Each spring, millions of river herring migrate from the Atlantic Ocean to coastal rivers and streams to spawn, or reproduce. The Coalition, along with the Massachusetts Division of Marine Fisheries and other local groups, monitors herring populations in several Buzzards Bay rivers to track how many fish return to the region every year.
This tracking is important because river herring populations have been in decline for many years. About a decade ago, the stock began to collapse up and down the East Coast. A number of factors led to their downturn, including pollution, dams and other river blockages, overfishing, and bycatch from commercial fisheries in the Atlantic Ocean. This year’s long, cold winter and late start to spring also likely put additional strain on smaller runs.
A loss of river herring is bad news for the Buzzards Bay ecosystem. Without enough herring swimming up the Bay’s rivers each spring, sportfish like striped bass and bluefish and water birds have less food to eat. River herring are one of the main food sources for the Bay’s endangered roseate tern populations on Penikese, Bird, and Ram islands.
In the Acushnet River, nearly 3,700 river herring were counted in 2015. This is a significant drop from last year, but still the third-highest count since monitoring began in 2005. On the Agawam River in Wareham, the Coalition counted over 24,000 fish – about half as many as were recorded in 2014. The Mattapoisett River was down as well. The only local increase in river herring was observed on the Wankinco River (also in Wareham), where just over 14,000 fish swam upstream.
In contrast, the nearby Nemasket River in Middleborough saw an increase to nearly 750,000 river herring this spring.
The return of river herring each spring is triggered by temperature; when the water warms to just over 50 degrees, river herring begin swimming back to the streams where they were born. But because of the long, cold winter, water temperatures took longer to warm up. As a result, spawning runs started very late this year. Once this spring’s herring run did begin, it got off to a strong start. However, it soon tapered off.

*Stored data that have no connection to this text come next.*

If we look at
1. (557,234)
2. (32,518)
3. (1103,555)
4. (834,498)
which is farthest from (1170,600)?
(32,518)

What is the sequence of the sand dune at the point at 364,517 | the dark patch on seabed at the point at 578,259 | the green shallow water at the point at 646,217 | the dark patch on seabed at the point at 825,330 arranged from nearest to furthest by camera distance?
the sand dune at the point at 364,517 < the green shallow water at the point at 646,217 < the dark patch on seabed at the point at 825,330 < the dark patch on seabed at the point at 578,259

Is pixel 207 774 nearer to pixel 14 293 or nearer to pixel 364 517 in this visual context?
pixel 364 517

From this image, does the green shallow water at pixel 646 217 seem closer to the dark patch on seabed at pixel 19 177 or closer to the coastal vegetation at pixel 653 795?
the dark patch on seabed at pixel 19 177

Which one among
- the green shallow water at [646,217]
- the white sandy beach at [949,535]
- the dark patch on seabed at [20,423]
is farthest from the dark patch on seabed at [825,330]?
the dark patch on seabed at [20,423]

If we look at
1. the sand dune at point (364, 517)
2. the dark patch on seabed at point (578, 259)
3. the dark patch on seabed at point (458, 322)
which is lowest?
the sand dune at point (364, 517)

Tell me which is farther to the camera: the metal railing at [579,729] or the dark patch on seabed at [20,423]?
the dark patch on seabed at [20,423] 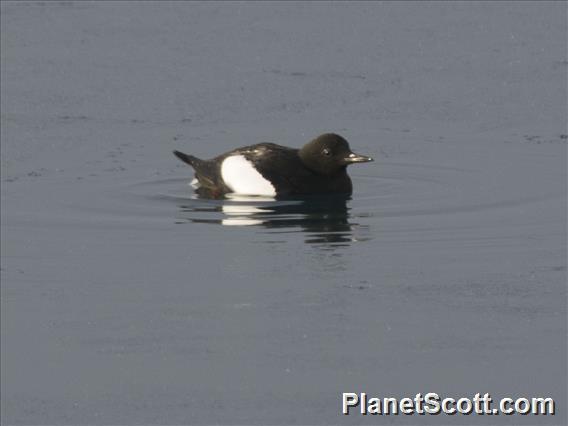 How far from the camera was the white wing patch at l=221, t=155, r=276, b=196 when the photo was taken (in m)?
11.1

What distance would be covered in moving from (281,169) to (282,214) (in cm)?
99

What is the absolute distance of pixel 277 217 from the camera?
33.3 ft

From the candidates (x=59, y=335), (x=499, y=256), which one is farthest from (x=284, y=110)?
(x=59, y=335)

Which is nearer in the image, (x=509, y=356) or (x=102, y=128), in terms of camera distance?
(x=509, y=356)

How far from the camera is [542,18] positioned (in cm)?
1579

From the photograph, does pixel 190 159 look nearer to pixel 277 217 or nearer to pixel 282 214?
pixel 282 214

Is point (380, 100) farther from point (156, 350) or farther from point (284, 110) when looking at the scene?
point (156, 350)

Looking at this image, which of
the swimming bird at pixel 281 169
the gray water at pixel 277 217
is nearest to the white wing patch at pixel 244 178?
the swimming bird at pixel 281 169

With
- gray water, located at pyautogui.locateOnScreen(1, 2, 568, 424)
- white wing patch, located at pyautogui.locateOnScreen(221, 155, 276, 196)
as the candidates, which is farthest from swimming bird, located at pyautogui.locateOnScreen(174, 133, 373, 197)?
gray water, located at pyautogui.locateOnScreen(1, 2, 568, 424)

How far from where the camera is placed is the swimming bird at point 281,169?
1114 cm

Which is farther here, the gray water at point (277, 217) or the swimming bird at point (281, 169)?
the swimming bird at point (281, 169)

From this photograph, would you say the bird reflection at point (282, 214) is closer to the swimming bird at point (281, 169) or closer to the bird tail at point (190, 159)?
the swimming bird at point (281, 169)

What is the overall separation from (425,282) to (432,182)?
306 centimetres

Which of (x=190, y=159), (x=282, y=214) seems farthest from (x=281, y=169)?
(x=282, y=214) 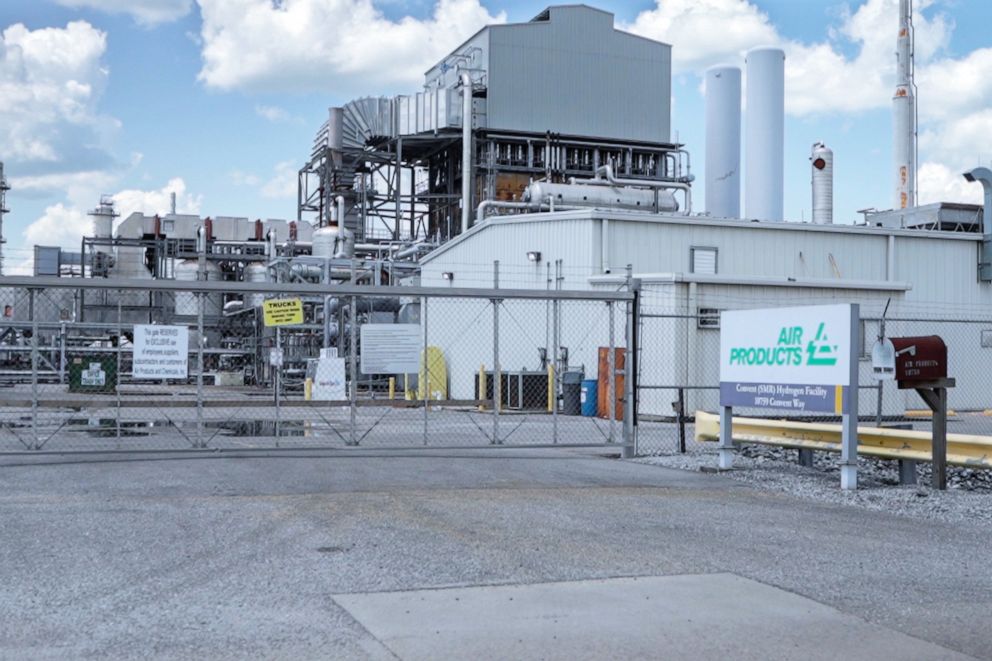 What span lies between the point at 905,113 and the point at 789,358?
35.8 m

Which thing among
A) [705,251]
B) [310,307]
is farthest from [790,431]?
[310,307]

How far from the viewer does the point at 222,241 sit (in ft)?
176

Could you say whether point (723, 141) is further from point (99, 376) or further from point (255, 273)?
point (99, 376)

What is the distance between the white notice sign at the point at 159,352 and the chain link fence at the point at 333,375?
19mm

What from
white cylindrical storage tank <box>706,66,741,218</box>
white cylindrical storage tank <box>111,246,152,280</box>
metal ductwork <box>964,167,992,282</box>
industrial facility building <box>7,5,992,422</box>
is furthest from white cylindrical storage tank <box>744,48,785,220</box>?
white cylindrical storage tank <box>111,246,152,280</box>

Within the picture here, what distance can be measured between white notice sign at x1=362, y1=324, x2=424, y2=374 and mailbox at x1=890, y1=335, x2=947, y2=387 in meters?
6.13

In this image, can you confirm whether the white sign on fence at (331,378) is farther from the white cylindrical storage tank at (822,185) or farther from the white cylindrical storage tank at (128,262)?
the white cylindrical storage tank at (128,262)

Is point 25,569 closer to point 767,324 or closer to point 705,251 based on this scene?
point 767,324

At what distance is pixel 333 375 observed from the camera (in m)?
15.7

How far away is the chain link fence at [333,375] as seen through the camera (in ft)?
49.4

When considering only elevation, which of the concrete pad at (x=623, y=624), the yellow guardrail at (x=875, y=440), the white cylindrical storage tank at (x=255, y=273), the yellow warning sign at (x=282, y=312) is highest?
the white cylindrical storage tank at (x=255, y=273)

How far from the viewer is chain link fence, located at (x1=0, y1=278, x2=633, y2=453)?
15047mm

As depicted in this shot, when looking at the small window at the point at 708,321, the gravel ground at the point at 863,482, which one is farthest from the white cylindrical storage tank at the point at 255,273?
the gravel ground at the point at 863,482

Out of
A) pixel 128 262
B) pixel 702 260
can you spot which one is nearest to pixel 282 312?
pixel 702 260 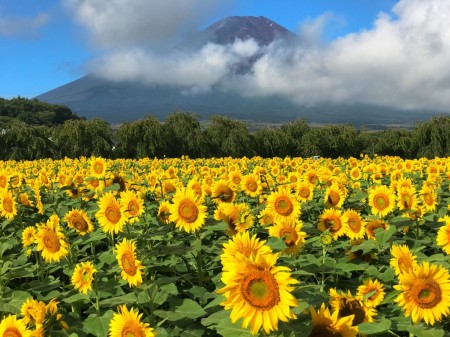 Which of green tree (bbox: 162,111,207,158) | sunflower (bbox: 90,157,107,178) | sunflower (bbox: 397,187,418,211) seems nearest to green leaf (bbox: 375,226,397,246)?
sunflower (bbox: 397,187,418,211)

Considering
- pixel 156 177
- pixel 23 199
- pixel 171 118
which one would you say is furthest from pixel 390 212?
pixel 171 118

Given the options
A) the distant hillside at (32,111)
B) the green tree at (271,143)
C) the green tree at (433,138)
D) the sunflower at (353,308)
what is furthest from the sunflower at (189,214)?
the distant hillside at (32,111)

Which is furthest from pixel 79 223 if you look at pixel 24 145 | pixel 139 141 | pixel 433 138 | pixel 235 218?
pixel 433 138

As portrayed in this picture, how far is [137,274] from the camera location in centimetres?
334

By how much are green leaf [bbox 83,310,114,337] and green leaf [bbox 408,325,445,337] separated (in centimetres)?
174

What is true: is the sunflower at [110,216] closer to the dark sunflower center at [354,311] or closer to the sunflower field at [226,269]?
the sunflower field at [226,269]

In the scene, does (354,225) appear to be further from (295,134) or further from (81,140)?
(295,134)

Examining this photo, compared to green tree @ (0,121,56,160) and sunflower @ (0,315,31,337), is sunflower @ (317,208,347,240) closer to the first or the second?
sunflower @ (0,315,31,337)

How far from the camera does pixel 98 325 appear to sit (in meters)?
2.94

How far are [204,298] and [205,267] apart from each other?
946mm

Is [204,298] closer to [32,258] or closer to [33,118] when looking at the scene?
[32,258]

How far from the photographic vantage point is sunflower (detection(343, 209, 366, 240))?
4.56 m

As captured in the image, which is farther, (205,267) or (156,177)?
(156,177)

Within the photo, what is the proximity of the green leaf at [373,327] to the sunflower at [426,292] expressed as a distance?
202mm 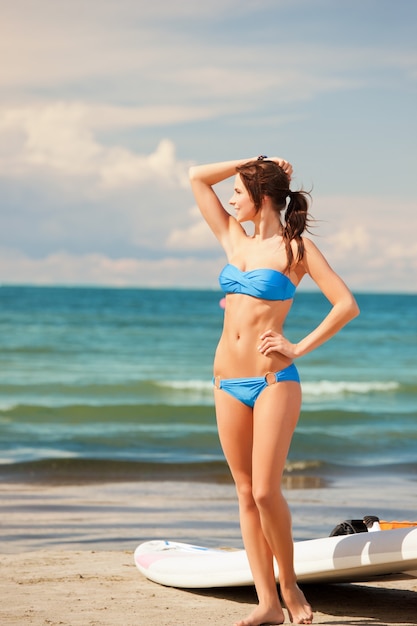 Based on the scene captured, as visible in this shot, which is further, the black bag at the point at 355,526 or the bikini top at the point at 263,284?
the black bag at the point at 355,526

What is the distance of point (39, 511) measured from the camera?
877 centimetres

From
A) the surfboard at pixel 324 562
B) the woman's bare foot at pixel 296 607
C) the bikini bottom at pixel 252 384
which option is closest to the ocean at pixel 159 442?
the surfboard at pixel 324 562

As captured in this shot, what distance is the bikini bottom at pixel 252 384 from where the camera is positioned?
4.68 metres

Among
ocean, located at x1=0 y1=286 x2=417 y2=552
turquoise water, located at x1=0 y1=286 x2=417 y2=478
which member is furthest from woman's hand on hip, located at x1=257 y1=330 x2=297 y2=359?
turquoise water, located at x1=0 y1=286 x2=417 y2=478

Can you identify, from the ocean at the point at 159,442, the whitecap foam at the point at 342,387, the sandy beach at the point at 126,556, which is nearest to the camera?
the sandy beach at the point at 126,556

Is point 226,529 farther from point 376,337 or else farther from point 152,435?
point 376,337

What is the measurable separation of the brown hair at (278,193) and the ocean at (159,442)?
331cm

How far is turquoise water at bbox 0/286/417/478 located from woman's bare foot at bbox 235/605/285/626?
6.44 meters

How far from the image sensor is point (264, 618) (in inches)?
188

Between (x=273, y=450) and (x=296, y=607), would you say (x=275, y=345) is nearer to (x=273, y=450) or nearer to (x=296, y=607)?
(x=273, y=450)

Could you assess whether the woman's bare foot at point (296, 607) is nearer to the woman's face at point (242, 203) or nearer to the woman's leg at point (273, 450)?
the woman's leg at point (273, 450)

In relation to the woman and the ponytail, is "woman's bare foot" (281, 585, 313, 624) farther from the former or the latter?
the ponytail

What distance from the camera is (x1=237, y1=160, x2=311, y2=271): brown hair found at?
15.8 ft

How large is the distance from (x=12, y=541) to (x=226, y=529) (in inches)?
62.8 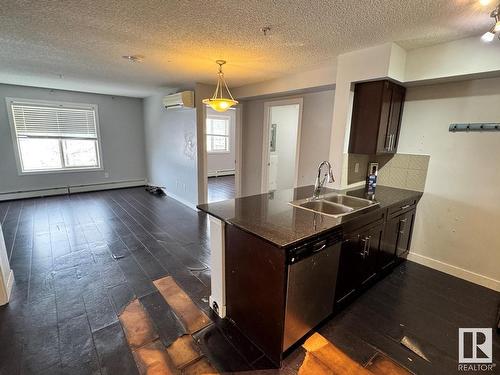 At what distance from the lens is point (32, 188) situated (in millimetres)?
5305

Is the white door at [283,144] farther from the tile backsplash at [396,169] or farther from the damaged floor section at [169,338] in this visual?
the damaged floor section at [169,338]

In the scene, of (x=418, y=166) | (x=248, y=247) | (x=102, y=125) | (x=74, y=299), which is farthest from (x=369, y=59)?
(x=102, y=125)

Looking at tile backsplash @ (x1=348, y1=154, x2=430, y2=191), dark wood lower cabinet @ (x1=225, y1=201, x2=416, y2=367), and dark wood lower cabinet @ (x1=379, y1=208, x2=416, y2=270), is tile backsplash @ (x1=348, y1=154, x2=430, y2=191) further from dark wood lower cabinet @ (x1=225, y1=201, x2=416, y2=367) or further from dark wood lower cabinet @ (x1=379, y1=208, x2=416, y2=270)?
dark wood lower cabinet @ (x1=225, y1=201, x2=416, y2=367)

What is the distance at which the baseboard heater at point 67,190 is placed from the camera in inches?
202

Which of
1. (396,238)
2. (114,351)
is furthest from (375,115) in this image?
(114,351)

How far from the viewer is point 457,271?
262cm

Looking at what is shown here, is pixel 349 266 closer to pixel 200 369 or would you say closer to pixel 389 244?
pixel 389 244

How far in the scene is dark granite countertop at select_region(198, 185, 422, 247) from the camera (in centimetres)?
153

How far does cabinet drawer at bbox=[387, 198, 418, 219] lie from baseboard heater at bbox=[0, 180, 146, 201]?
6.26m

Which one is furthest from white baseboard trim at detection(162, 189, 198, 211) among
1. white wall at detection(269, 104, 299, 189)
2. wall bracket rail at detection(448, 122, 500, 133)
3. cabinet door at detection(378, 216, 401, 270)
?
wall bracket rail at detection(448, 122, 500, 133)

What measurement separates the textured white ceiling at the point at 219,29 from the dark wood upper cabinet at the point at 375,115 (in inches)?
16.3

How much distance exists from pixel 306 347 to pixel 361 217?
105 cm

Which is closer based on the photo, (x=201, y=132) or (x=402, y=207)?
(x=402, y=207)

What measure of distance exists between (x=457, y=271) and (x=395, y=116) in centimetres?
182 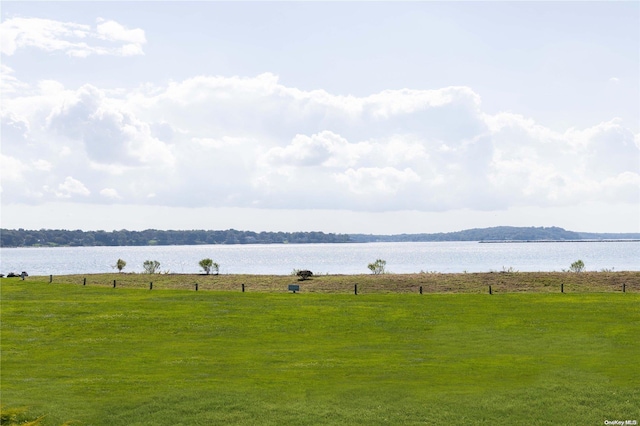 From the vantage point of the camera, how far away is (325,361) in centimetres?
2833

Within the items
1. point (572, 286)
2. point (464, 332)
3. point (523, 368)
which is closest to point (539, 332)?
point (464, 332)

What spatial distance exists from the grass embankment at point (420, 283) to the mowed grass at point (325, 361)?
16587 millimetres

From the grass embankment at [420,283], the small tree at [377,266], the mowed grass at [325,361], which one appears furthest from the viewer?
the small tree at [377,266]

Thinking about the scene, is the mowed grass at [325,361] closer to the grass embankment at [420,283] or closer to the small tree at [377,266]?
the grass embankment at [420,283]

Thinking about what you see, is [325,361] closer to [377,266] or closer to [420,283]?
[420,283]

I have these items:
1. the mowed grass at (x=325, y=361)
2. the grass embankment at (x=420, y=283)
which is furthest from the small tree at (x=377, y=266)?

There’s another piece of the river herring puzzle — this one located far away from Buzzards Bay, out at sea. Commercial fisheries for mackerel and Atlantic herring have expanded in recent years, and the vessels trawling for these valuable species can accidentally catch river herring in their nets. This is called bycatch, and it’s a big problem for local river herring populations.
Although river herring were down this year in the Buzzards Bay region, there’s still some good news for these fish. In recent years, more herring have been returning to the Bay’s rivers each spring. In 2006, for instance, just 202 river herring were counted in the Acushnet River. The Coalition will continue tracking river herring to monitor their health in the coming years.